> **TASK DIRECTIONS**
In this exercise, print only the lines of the records below from the one with "Snapshot of Morochitamika" through the one with "agenda-barcelona-colours8", inclusive. Pictures are not part of the copy.

> **PROVIDED DATA**
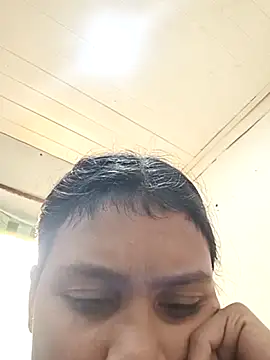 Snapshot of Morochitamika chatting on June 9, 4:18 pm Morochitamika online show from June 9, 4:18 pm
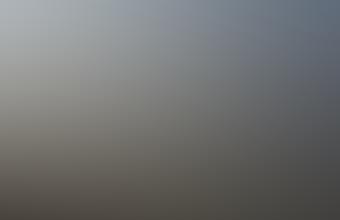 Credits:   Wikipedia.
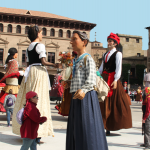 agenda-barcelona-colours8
---
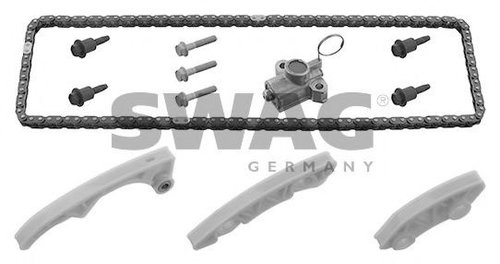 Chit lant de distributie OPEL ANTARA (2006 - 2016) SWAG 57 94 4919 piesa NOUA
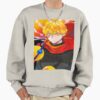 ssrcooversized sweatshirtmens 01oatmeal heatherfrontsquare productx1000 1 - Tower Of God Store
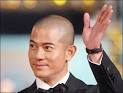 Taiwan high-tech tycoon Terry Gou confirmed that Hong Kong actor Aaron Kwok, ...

> **EXERCISE SOLUTION**
 Snapshot of Morochitamika chatting on June 9, 4:18 pm Morochitamika online show from June 9, 4:18 pm
 Credits:   Wikipedia.
 agenda-barcelona-colours8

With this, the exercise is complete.